Q. Chaque cycle contient son lot d’apprentissage. Est-ce au niveau du secondaire qu’on commence à parler de compétences transversales ? Et en quoi consiste cette nouvelle notion ?

R. Non, le concept de compétences transversales fait partie du vocabulaire utilisé également au primaire, sauf que, autant au primaire qu’au secondaire, la très grande majorité des enseignants ne semblent pas savoir de quoi il s’agit. Le Ministère a défini les compétences transversales ainsi : "une compétence est un savoir-agir qui fait suite à l’intégration et à la mobilisation d’un ensemble de ressources (capacités, habiletés, connaissances) utilisées efficacement dans des situations similaires". Avec la réforme, le Ministère mise d’abord sur le développement des compétences au détriment de la transmission du savoir, ce qui a pour conséquences de modifier radicalement les méthodes d’enseignement. D’ailleurs, le sociologue Suisse Philippe Perrenoude que le Ministère a cité dans plusieurs de ses écrits prend ses distances à propos de ce concept. Lors d’une interview qu’il a accordée à la Presse en mars 2005, il a déclaré : « Je sais que mes travaux sont lus au Québec et qu’on s’en sert parfois pour légitimer la réforme, mais c’est bien au-delà de mon rôle qui est d’être plutôt critique.. ». Reprochant au système québécois d’avoir tout transformé en compétences, il dit ceci : « C’est un concept plus que douteux »

Q. Pour un enseignant, qu’est ce qui est le plus incommodant dans le nouveau système d’éducation ?

R. C’est d’être enfermé dans le carcan de la réforme et de ne pas pouvoir enseigner autrement que selon les approches pédagogiques inspirées de la réforme.

Q. Les élèves s’adaptent-ils rapidement, moyennement ou lentement à leurs nouvelles méthodes d’apprentissages ?
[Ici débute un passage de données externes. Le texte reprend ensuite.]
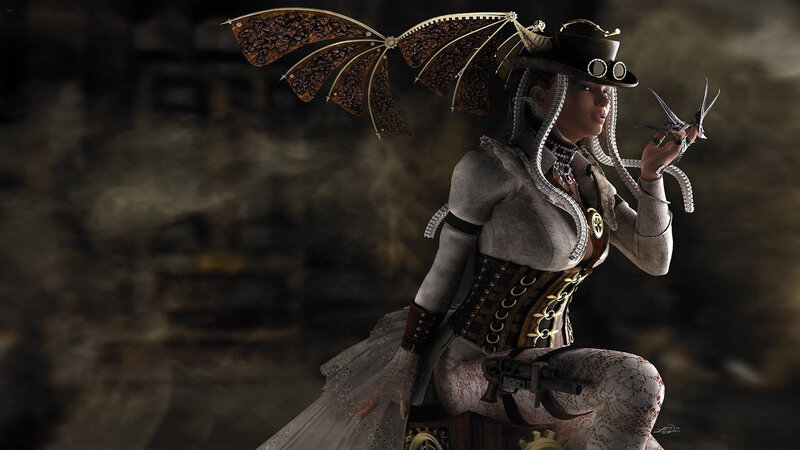 Steampunk Woman with Wings — Brown, Dramatic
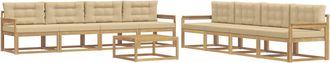 vidaXL Conjunto De Sof&aacute;s De Exterior 9 Uds. Y Beige Poli&eacute;ster Vidaxl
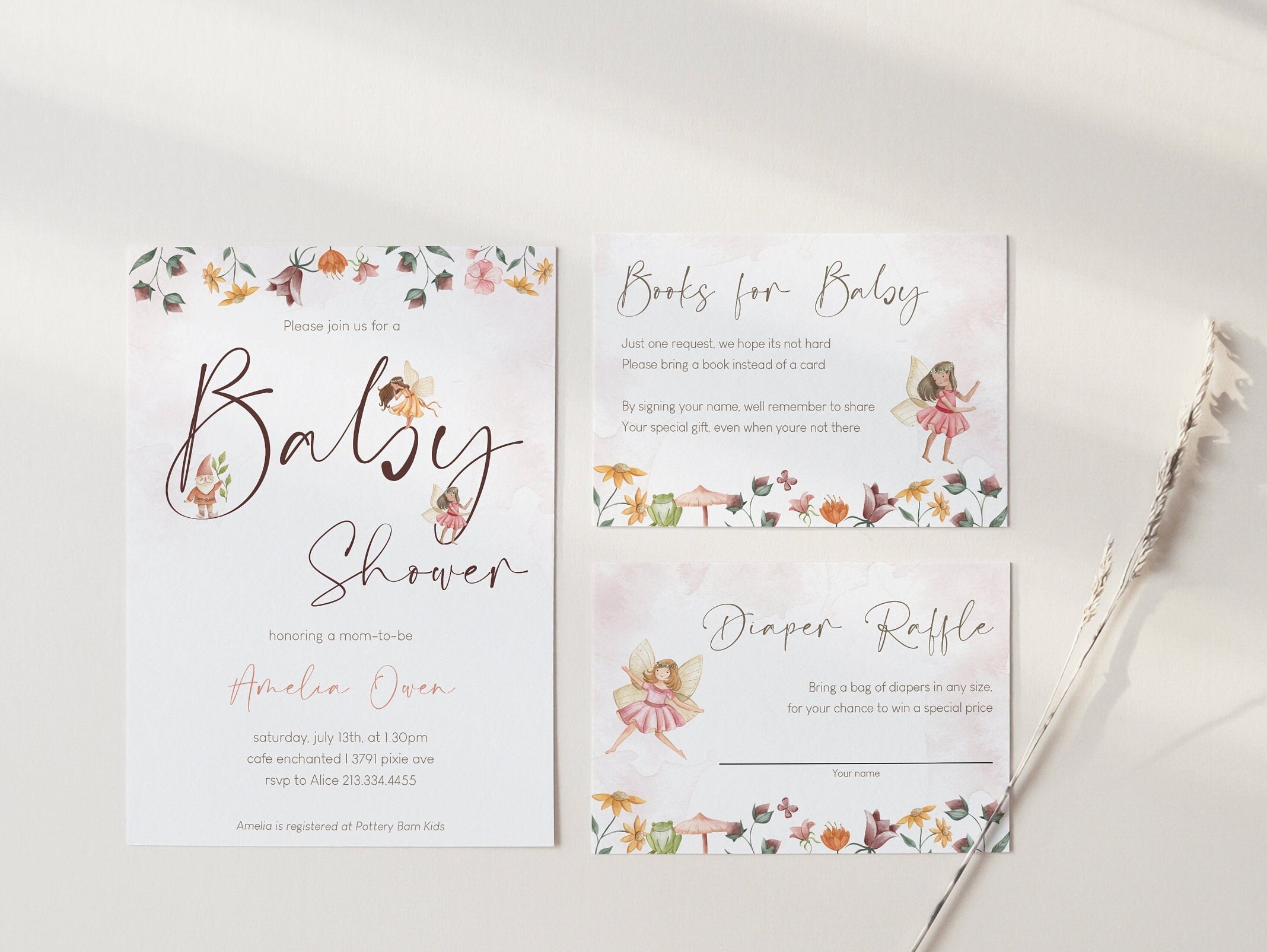 Editable Fairy Baby Shower Invitation Butterfly Magical | Etsy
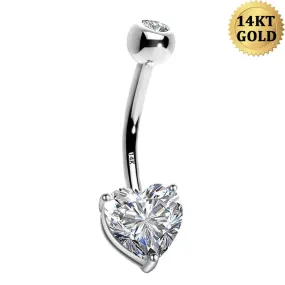 14KT White Gold Heart Solitaire CZ Belly Button Rings 14G Navel Ring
R. Tout dépend du groupe d’élèves. Les élèves forts s’adaptent rapidement, mais pour ceux qui sont faibles ou qui ont des problèmes d’apprentissage, ça devient alors plus difficile d’autant plus qu’il n’y a de moyens additionnels qui soient mis à la disposition des enseignants.

Q. Quel est le nouveau rôle de l’enseignant dans le rouage de formation ?
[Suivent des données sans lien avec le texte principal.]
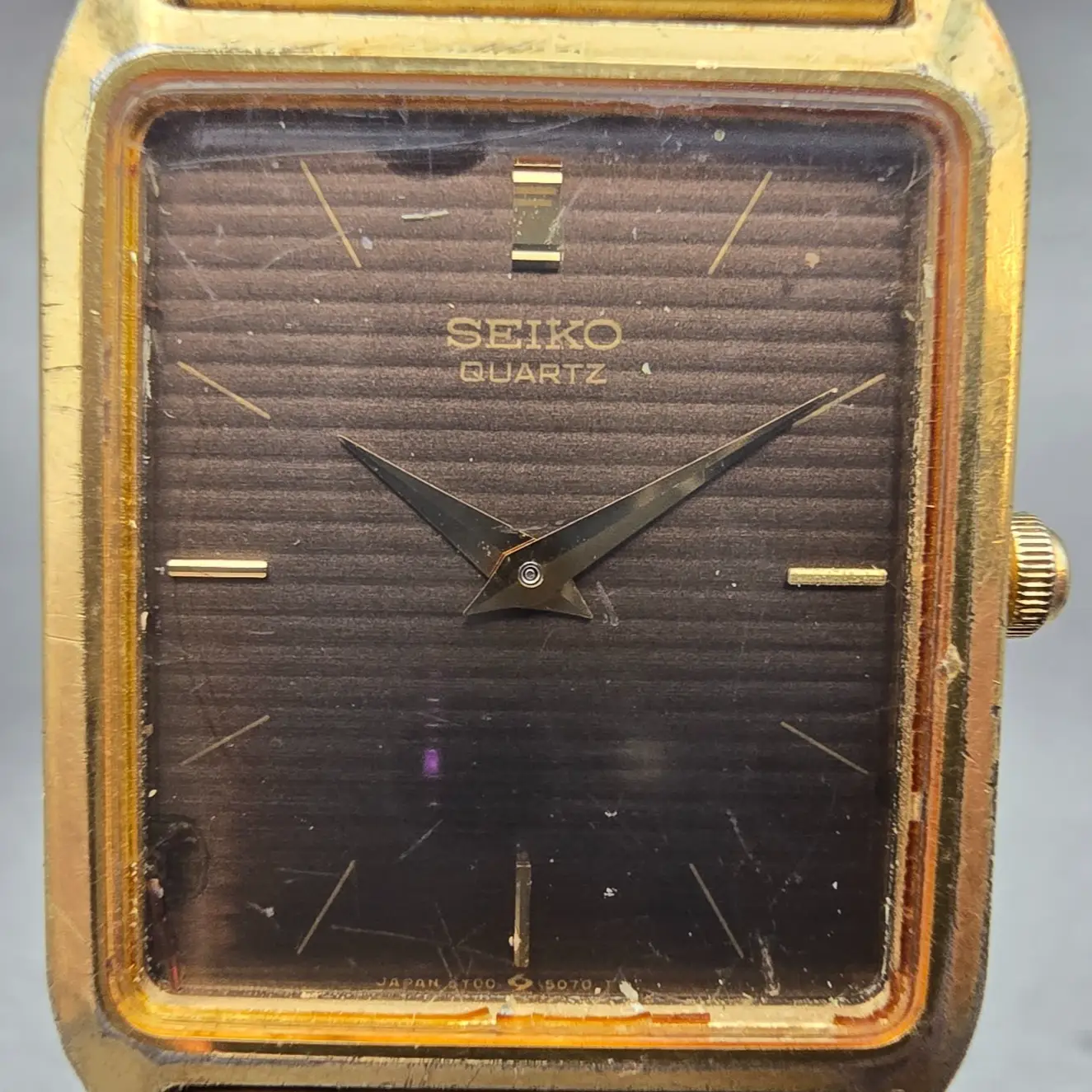 Seiko Watch Men 25mm Brown Dial Gold Tone Rectangle 5Y00-5000 New Battery VTG1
R. Avec la réforme, le Ministère veut changer le rôle de l’enseignant. Plutôt que de se préoccuper de ce qu’ils enseignent, les enseignants doivent désormais insister davantage sur ce que les élèves ont appris, comment ils l’ont appris et ce qu’ils font avec ce qu’ils ont appris. Ainsi, ils ne sont plus des transmetteurs de connaissances mais des accompagnateurs.
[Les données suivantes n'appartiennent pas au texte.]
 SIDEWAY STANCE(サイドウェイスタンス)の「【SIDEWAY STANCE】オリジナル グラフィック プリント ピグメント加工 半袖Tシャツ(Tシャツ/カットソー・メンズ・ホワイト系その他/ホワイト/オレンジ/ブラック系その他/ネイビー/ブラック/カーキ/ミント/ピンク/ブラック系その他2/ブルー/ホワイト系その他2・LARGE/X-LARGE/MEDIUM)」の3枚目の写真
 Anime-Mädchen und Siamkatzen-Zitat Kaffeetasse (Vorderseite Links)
Q. La réforme a-t-elle un effet direct dans le rapport entre enseignants et parents ?

R. Pas vraiment. La réforme n’a pas amené les parents à établir une meilleure coopération avec les enseignants. Au secondaire, le pourcentage des parents (je parle pour mon école) qui viennent rencontrer les enseignants lors de la remise des bulletins demeure très faible.

Q. Y a-t-il des matières de base qui ont perdu ou gagné de leur valeur en raison de la réforme ?

R. Avant la réforme, il y avait des matières (math, français, anglais, histoire) qui étaient très importantes dans le curriculum de l’élève. Avec la réforme, toutes les matières sont importantes de telle sorte que lorsque l’enfant échoue quatre matières, il est obligé de reprendre tout le niveau – dans une classe intermédiaire dénommée : groupe d’appoint – auquel il était inscrit, quitte à refaire les cours qu’il a déjà réussis. Et, le cas échéant, il échoue une deuxième fois, cet élève serait dirigé vers une école de métier.

Q. Est-ce que la réforme est susceptible de diminuer le feu sacré d’un enseignant ?

R. C’est déjà le cas. La grande majorité des enseignants ont le sentiment d’avoir les mains liées avec la réforme. Leurs doléances en ce qui concerne le classement des élèves par exemple ne sont pas prises en compte. Tout ce qu’on leur répond : "C’est la réforme". Ainsi, beaucoup d’enseignants sont découragés et surtout amers de devoir enseigner dans des conditions qu’ils jugent inappropriées. Ils acceptent mal le rôle de simples applicateurs des programmes que veut leur faire jouer le Ministère de l’éducation.

-   Je vous remercie monsieur Lacombe d’avoir fait la lumière sur les interrogations qui préoccupent beaucoup de citoyens.